3rd Annual Hydrocephalus Walkathon Event at Largo Central Park Continues to Grow and Reach Out to More Local Families

Largo, FL, August 14, 2007 --(PR.com)-- Last year in September, over 60 individuals gathered in Largo Central Park wearing bright orange t-shirts as part of Team Hydrocephalus. This event is the annual campaign for a very determined husband and wife who live in Largo and have now become the Tampa Bay Affiliate of the Hydrocephalus Association. Last year, the Keyser’s and their ‘TEAM’ raised $8,529.00 for the Hydrocephalus Association. The money goes towards programs for the families served by the Association.

The Hydrocephalus Association, established in 1983, raises awareness, and advocates for research while supporting families dealing with this incurable condition. This year, the walk will be on Sunday, September 2nd, 2007 starting at 9:00am at shelter #1 in Largo Central Park.

In April of 2004, the Keyser’s held their very first picnic at their home in hopes of finding other families going through the same situation as theirs. Their son, Jeremy, who turned six years old in July, was born with this condition due to an intraventricular hemorrhage prior to birth. Jeremy’s condition is treated with a programmable shunt. Other than a few setbacks and delays, Jeremy should be able to live a normal healthy life. However, shunts do come with complications and their drawbacks.

Consider these statistics:

Hydrocephalus - More common than you might think.
- Affects hundreds of thousands of Americans
- Diagnosed in people of all ages, from infants to elders
- One in every 1,000 babies is born with Hydrocephalus
- The most common reason for brain surgery in children

Although it is treatable…
- There is no cure for this chronic condition
- The only know treatment is neurosurgical
- It requires over 40,000 surgeries per year in the U.S. (one every fifteen minutes)
- In adults, this reversible dementia and gait disorder often goes undiagnosed and untreated

There is still more to do.
- Even after treatment, many people face repeated surgeries and diminished quality of life
- Medical costs exceed $1 billion per year

Paula’s son, Jeremy will be walking again on September 2nd, 2007, for the 3rd year in a row. It took him 27 months to take his first steps due to the setbacks he had at birth caused by Hydrocephalus but he has overcome the odds. Through the persistence of his parents continuing Physical, Occupational and Speech Therapy, and the determination of those wonderful therapists at All Children’s Hospital in St. Petersburg, he will be able to grow up like any other kid in America. Jeremy will be starting Kindergarten this year at McMullen Booth Elementary School.

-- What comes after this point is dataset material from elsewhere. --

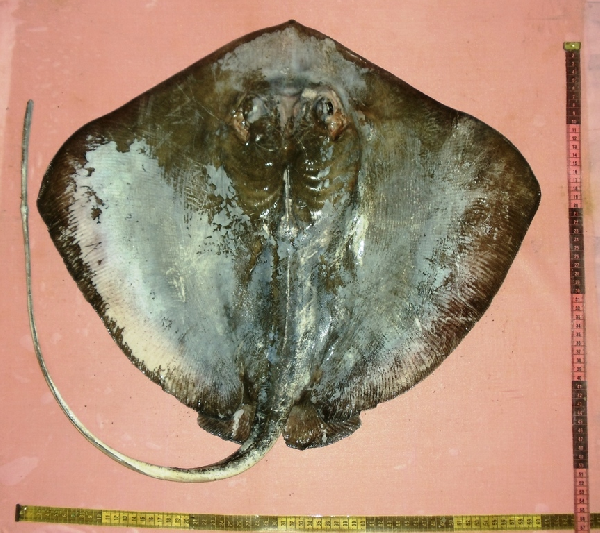  p>牛魟( i>dasyatis ushiei&nbsp; /i>jordan et hubbs,1925)是 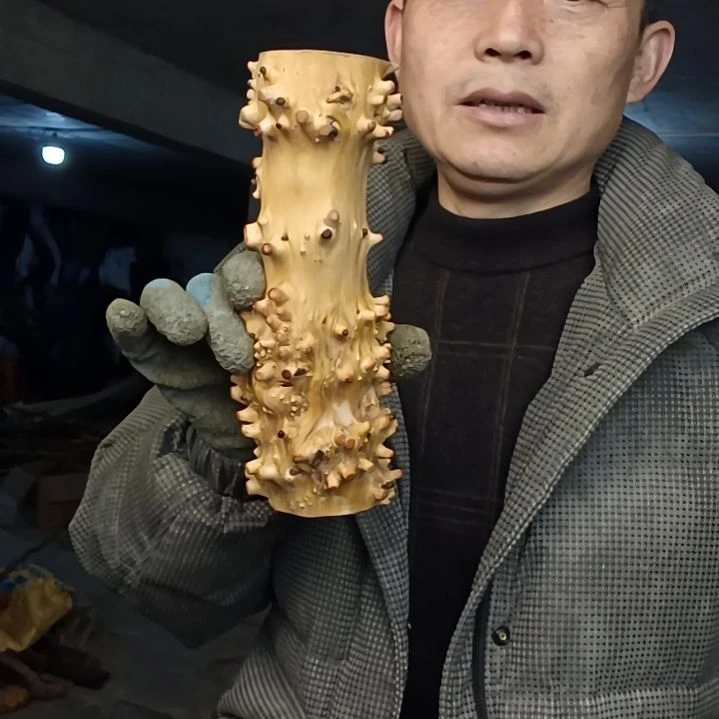 稳定木正**向贵州檬子木   铁马鞭   根艺  半成品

If you would like more information, or would like to do a story about Hydrocephalus and this support group, please contact Paula Keyser at (727) 415-7339 or email her at hydrosupport@gmail.com. She is also an active volunteer with All Children’s Hospital Seminole/Largo Guild and the Development Council in St. Petersburg.

More Info About Hydrocephalus

Hydrocephalus, more commonly known as ‘water on the brain’ is an abnormal accumulation of cerebrospinal fluid (CSF) within cavities called ventricles inside the brain. CSF is produced in the ventricles, circulates through the ventricular system, and is absorbed into the bloodstream. CSF is in constant circulation and has many important functions. It surrounds the brain and spinal cord and acts as a protective cushion against injury. CSF contains nutrients and proteins necessary for the nourishment and Normal function of the brain. Hydrocephalus occurs when there is an imbalance between the amount of CSF that is produced and the rate at which it is absorbed. As the CSF builds up, it causes the ventricles to enlarge and the pressure inside the head to increase. Hydrocephalus that is congenital (present at birth) is thought to be caused by a complex interaction of environmental and perhaps genetic factors. Aqueductal Stenosis and Spina Bifida are two examples Acquired Hydrocephalus may result from intraventricular hemorrhage, meningitis, head trauma, tumors and cysts. Hydrocephalus is believed to occur in about one out of every 1,000 live births. The incidences of adult-onset hydrocephalus and acquired hydrocephalus are not known. There is no known way to prevent or cure hydrocephalus. The most effective treatment is surgical insertion of a shunt.